Yoti deploys biometric digital ID solution for Kingston Unity CTF customers
Customers of Kingston Unity, a friendly society financial institution based in Yorkshire, UK, will be able to henceforth have their identities verified using Yoti’s biometric digital identity application.
With the new partnership, Yoti’s solution will be used to verify the identities of thousands of Child Trust Fund (CTF) account holders of Kingston Unity without the constraint of having to make physical movements, as this can be done in the comfort of one’s home.
According to Yoti, access to a CTF account will happen only upon verification of the account holder’s identity using the app and the account set-up process takes just five minutes.
All the user needs to do is download the Yoti digital ID app, secure their account by adding their mobile number, PIN, a biometric selfie to verify the student’s identity with facial recognition, and then scan their government-issued ID document.
Upon verification of the account, the user will need to just scan a QR code using the Yoti app and accept to share selected identity details for authentication, said Yoti as it announced the development.
Yoti’s biometric digital ID solution is being used by a variety of institutions.

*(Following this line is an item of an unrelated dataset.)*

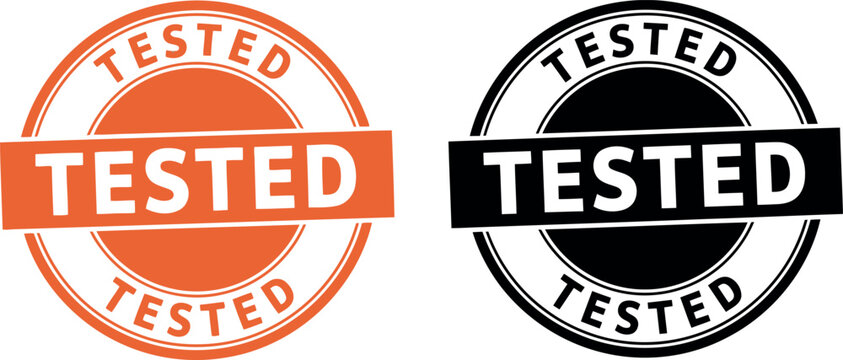Tested stamp badge set in orange and black for quality assurance and certification labels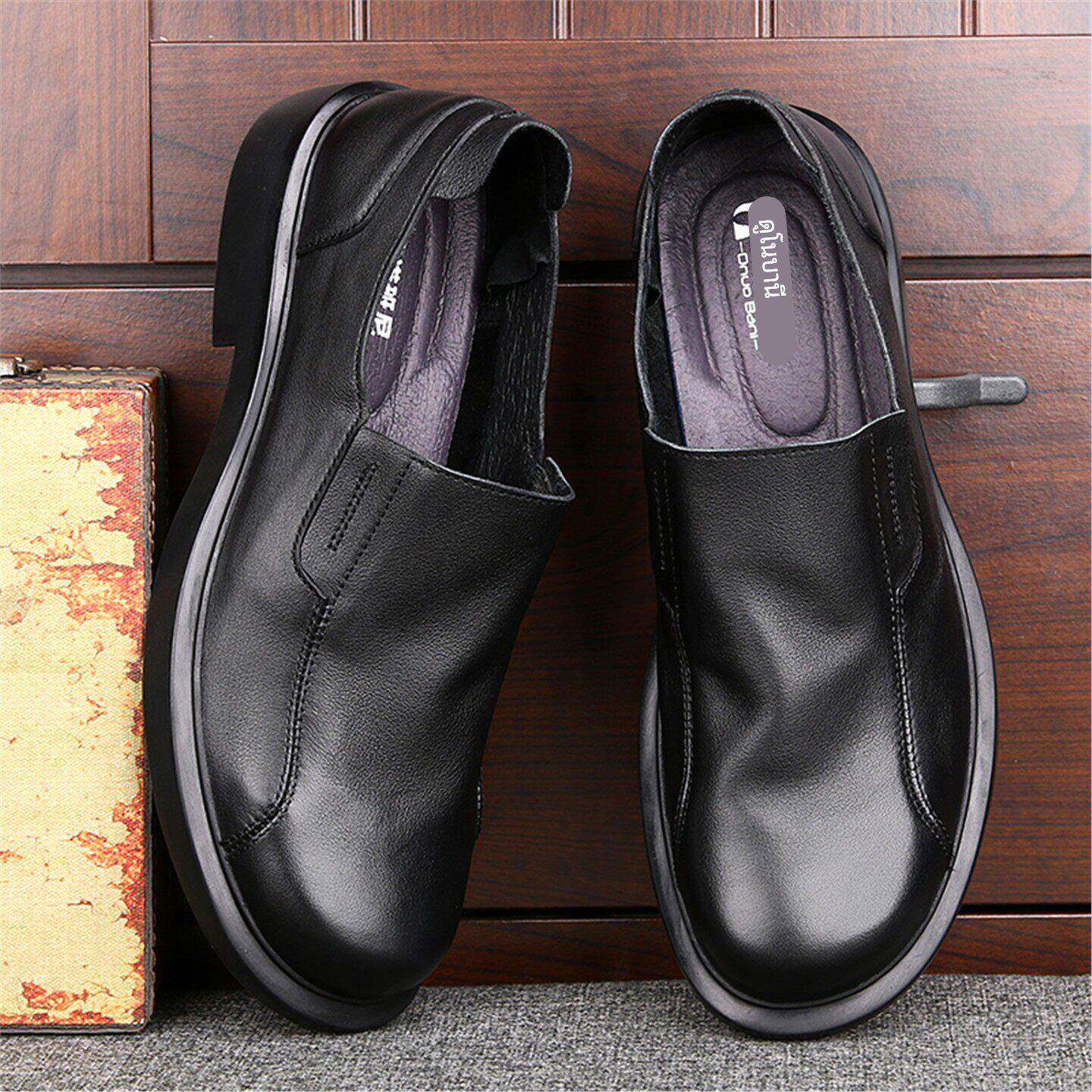 高端休闲皮鞋男软底夏季透气商务宽脚男鞋单层牛皮一脚蹬皮鞋真皮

One of the latest institutions to secure the service is New College Lanarkshire in Scotland.
Yoti involved in Center for Digital Citizens project
Meanwhile, Yoti has also announced that they are proud to be involved in an initiative led by Newcastle University and Northumbria University for the creation of a new digital research centre that will enable citizens in the UK better understand the digital evolution.
Yoti said they will be working to dive into how technology can further support public health, community engagement, citizen safety and technology enhanced lifelong learning.
The project, dubbed Center for Digital Citizens (CDC), is worth £9 million and is headed by Prof David Kirk, Director of Newcastle University’s Open Lab. The new Center will bring together 28 academics and 18 post-doctoral researchers across the two universities.
The Center will work with citizens to co-design technologies to support and evaluate smart and data-rich living in urban, rural and coastal areas across the North East of England and beyond, a statement from the Newcastle University Press Office noted.
This is also part of a £29m investment from UK Research and Innovation (UKRI), and it will be working in collaboration with local and global organizations including Newcastle City Council, NHS Digital, International Federation of the Red Cross and Red Crescent Societies, just to cite these few.
Prof Kirk applauded the initiative and said it was important for people to feel the technology around them especially as the work continue on a steady part of digitization. “The Centre for Digital Citizens will allow us to explore how citizens and communities can be a part of the design of innovative technologies that work better for them, from finding ways to use shared personal data to creating citizen-led digital public services. Both Newcastle and Northumbria have expertise in participatory design and co-creative research, allowing us to work with people to deliver these technologies and create new innovations for the Digital Economy that empower citizens,” he said.